What causes perfect prediction but no significant predictors in logistic regression? I want to do a logistic regression with R.
I have 18 continuous covariates and a sample consisting of 100 observations.
When I enter all of the covariates into the glm() model, none of them are significant, but the model predicts the outcome perfectly on the test data!
My questions are:


*

*Is the sample size large enough for running glm() with this many covariates?

*What might be other causes of the problem?

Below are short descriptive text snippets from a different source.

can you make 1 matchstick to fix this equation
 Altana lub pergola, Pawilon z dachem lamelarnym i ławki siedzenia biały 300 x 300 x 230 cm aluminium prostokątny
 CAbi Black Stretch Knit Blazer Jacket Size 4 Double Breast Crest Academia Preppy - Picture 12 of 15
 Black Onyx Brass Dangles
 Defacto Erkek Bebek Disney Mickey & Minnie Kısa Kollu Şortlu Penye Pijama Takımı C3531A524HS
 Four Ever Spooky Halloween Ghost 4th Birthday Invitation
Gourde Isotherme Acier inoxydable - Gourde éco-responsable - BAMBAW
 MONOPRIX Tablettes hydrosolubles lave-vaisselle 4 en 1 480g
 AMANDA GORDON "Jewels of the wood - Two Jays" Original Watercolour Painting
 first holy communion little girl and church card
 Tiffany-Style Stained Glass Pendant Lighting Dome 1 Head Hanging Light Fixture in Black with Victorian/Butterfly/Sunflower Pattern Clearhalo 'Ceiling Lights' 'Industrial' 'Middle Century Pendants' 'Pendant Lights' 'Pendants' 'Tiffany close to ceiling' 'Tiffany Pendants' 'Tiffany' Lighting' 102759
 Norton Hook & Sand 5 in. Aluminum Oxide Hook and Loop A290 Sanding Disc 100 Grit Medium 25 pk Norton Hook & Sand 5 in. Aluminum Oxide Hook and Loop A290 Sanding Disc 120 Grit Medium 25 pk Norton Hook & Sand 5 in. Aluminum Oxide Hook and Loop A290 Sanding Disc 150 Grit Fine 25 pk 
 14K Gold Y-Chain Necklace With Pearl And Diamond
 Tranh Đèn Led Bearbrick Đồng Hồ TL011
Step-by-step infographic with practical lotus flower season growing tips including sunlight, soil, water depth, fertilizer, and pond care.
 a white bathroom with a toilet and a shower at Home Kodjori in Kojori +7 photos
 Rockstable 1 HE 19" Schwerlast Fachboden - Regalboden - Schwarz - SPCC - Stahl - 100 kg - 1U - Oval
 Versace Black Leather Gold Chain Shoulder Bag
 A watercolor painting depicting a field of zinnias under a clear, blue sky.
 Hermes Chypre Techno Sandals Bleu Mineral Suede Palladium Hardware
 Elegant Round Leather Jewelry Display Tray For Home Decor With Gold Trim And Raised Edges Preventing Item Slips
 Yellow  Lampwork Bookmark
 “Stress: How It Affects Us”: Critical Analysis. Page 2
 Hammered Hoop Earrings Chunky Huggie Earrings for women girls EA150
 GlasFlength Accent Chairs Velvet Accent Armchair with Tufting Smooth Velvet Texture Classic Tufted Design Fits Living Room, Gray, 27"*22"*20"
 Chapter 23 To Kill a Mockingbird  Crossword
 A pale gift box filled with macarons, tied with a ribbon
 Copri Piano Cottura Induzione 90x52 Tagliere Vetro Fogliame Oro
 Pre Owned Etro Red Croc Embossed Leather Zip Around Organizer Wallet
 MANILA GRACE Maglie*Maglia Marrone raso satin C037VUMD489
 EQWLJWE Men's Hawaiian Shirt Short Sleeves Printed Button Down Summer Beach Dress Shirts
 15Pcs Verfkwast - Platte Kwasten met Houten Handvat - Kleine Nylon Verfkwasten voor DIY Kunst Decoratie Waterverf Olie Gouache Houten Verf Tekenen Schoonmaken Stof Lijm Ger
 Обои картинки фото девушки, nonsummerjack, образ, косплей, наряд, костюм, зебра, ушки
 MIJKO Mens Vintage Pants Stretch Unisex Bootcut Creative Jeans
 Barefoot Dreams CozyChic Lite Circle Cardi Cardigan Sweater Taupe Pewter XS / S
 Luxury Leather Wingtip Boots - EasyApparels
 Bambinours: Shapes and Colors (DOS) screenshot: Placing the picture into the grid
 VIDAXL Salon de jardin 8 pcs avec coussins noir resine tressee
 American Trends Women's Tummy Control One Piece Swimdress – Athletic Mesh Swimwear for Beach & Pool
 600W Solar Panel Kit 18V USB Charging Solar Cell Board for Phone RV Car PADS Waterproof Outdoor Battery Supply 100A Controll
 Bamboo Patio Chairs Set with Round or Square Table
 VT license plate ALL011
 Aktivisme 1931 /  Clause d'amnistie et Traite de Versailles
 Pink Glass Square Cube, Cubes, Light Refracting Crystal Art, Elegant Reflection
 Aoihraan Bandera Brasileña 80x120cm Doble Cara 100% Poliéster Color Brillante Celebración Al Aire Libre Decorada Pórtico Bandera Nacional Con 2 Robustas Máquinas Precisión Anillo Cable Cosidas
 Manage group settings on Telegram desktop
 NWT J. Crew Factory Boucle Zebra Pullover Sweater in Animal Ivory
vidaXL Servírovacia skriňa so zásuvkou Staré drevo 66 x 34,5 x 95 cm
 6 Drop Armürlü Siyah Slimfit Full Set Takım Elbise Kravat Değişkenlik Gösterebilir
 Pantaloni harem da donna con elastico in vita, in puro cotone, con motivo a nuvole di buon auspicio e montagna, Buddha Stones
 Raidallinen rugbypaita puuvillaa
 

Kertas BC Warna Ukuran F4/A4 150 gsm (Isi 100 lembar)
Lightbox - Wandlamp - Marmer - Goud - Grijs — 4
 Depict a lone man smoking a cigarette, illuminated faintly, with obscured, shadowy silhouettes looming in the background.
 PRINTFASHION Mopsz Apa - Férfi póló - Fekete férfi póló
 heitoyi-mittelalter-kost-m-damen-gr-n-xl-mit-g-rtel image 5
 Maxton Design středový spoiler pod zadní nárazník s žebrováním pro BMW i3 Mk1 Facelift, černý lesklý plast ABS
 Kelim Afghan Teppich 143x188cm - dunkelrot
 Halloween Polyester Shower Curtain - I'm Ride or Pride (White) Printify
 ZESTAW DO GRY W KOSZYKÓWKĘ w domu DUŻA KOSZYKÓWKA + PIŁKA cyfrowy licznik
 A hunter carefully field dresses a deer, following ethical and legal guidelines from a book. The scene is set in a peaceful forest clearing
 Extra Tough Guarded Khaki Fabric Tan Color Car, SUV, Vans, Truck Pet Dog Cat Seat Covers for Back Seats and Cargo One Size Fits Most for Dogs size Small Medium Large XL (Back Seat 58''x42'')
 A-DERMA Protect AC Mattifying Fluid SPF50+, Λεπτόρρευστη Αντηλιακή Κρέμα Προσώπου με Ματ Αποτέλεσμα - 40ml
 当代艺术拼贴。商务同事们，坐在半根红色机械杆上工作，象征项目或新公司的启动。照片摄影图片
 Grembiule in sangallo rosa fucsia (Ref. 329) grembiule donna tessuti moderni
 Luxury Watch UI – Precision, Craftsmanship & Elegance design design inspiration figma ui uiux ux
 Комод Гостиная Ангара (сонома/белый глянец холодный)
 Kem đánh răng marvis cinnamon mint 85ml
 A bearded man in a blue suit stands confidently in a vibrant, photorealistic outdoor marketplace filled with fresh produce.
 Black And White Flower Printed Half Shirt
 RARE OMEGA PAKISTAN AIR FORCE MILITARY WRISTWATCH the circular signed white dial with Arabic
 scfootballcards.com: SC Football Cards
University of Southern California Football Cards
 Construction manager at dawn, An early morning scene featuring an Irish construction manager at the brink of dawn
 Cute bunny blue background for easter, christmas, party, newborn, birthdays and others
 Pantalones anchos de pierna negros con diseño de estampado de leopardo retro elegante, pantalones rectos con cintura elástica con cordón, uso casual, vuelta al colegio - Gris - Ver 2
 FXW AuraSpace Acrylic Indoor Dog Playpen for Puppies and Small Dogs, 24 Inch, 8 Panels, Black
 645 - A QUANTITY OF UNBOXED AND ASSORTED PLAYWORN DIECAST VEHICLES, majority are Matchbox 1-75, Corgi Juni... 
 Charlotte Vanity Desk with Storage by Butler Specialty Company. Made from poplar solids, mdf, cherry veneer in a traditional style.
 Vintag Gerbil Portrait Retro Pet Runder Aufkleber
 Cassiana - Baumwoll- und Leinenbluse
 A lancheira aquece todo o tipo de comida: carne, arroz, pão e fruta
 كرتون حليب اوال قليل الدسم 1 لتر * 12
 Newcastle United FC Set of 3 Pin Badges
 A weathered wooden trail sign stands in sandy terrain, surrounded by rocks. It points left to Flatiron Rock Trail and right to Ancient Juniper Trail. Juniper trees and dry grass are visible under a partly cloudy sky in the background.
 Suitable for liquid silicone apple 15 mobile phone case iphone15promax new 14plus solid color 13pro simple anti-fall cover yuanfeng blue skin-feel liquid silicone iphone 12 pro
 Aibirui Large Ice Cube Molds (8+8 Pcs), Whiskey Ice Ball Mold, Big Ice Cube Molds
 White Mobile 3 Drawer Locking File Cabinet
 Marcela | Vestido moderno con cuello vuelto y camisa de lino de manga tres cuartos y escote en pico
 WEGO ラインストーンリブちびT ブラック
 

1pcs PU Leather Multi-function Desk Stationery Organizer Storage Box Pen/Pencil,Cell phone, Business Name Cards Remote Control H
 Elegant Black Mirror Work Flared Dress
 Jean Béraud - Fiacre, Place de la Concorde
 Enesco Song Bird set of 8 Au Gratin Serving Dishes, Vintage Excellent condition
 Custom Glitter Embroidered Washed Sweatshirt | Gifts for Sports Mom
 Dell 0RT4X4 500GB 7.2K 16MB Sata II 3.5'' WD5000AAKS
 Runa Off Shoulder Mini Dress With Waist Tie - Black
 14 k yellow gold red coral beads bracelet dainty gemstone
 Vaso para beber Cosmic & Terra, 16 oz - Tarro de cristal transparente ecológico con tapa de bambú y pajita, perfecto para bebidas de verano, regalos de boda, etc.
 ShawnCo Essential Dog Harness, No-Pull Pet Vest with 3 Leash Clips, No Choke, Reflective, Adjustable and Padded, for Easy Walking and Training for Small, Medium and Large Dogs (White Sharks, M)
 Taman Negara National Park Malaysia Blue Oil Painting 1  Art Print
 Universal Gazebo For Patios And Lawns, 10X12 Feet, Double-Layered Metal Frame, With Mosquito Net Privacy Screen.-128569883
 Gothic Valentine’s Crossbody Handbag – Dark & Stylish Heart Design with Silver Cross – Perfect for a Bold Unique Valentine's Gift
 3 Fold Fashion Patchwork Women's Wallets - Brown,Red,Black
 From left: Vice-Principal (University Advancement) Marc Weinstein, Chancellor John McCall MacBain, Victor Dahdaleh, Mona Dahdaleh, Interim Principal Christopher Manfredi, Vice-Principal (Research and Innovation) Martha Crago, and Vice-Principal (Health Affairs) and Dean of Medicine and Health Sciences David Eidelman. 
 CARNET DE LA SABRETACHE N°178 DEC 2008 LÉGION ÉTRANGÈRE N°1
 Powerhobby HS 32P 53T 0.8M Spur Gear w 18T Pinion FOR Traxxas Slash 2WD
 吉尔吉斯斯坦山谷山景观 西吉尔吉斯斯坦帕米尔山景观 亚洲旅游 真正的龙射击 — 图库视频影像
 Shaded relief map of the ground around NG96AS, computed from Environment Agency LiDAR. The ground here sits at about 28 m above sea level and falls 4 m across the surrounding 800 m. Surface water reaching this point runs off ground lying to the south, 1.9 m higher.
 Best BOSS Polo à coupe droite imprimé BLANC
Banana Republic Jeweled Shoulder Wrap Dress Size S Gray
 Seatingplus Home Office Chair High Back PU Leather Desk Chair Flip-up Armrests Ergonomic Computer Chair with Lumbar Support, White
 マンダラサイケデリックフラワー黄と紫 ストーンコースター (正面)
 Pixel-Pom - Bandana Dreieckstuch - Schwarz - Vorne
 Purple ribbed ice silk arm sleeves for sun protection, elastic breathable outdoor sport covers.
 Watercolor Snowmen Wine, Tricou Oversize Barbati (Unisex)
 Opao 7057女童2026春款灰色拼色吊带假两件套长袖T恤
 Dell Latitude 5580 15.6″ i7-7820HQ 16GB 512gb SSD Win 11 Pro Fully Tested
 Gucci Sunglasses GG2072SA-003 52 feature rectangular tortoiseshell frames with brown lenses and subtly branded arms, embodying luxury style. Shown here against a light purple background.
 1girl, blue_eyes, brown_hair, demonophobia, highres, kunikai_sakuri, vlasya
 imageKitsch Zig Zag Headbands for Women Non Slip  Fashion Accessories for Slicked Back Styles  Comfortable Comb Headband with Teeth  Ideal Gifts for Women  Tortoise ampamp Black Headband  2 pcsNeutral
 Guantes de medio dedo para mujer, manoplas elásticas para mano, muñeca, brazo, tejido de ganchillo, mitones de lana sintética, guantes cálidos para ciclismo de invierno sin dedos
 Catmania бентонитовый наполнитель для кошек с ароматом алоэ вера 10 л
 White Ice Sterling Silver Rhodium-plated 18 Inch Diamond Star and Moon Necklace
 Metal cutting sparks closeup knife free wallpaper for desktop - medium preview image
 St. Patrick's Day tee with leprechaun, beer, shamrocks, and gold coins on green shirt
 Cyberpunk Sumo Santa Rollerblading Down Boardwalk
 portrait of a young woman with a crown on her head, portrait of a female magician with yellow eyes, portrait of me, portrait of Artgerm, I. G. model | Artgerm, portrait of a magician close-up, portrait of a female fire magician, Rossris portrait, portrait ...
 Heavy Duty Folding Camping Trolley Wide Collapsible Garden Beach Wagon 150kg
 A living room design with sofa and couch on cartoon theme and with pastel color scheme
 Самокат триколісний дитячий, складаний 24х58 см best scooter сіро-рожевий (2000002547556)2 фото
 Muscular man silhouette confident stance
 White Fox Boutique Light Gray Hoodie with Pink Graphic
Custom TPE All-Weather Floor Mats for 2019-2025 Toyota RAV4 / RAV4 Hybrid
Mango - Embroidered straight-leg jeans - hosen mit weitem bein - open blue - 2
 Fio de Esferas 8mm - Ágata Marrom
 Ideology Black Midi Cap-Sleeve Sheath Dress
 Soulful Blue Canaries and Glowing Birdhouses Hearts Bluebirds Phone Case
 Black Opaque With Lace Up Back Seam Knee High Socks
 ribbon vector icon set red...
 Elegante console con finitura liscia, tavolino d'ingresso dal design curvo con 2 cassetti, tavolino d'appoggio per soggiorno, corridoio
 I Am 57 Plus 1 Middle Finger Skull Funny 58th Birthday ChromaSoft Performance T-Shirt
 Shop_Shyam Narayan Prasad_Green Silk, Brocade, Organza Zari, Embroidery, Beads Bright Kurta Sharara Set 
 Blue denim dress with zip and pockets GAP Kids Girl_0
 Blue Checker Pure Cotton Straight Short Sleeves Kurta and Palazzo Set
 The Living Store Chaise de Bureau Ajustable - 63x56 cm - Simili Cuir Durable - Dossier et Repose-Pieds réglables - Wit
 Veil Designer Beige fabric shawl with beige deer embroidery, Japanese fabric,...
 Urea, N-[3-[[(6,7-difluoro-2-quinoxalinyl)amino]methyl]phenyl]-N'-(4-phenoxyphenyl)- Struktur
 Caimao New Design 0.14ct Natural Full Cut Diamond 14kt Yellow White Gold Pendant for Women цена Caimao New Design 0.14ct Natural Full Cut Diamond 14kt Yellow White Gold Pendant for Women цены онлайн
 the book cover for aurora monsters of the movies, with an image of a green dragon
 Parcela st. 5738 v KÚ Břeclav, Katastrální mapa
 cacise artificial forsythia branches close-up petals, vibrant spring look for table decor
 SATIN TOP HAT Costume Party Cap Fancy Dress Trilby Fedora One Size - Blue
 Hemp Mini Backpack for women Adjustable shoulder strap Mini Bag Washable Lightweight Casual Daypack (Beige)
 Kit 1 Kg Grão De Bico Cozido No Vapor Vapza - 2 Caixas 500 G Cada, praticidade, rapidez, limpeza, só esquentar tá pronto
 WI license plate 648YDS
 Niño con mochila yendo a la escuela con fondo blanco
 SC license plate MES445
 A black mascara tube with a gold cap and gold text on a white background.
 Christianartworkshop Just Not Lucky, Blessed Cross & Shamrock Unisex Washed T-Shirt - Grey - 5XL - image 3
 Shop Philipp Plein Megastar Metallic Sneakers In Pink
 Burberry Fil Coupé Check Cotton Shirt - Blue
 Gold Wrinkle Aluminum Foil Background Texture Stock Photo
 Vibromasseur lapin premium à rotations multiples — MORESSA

*How can I run such a model properly?

 A: You did not state the number of events and non-events.  A rough rule of thumb is that to use ordinary maximum likelihood estimation (i.e., without shrinkage - penalization) requires 15 times the number of events and the number of non-events as the number of candidate predictors.  You are far from having an adequate sample size in your case even if $Y$ is split 50-50.  I suggest doing data reduction (masked to $Y$, e.g. variable clustering, principal components, or redundancy analysis) or fitting the full list of variables and solving for the amount of shrinkage needed to yield a reliable model.  You can see case studies of these methods in my Handouts at http://biostat.mc.vanderbilt.edu/CourseBios330.
Ordinary unpenalized variable selection methods in no way deal with this problem correctly.
A: It would help if you could provide some additional information in response to the comments and @Frank Harrell's point regarding how many successes and failures you have.  
My first guess would be that you have some multicollinearity, that is, your continuous covariates are correlated with each other.  The effect of this is that, while your betas estimates are still potentially unbiased, the standard errors will be inflated.  That means that they will be less 'significant', but may still do a good job of predicting the response (note @Roland's good point about overfitting, however).  
Given your N and the number of covariates you have, you may want to watch out for quasi-separation as well.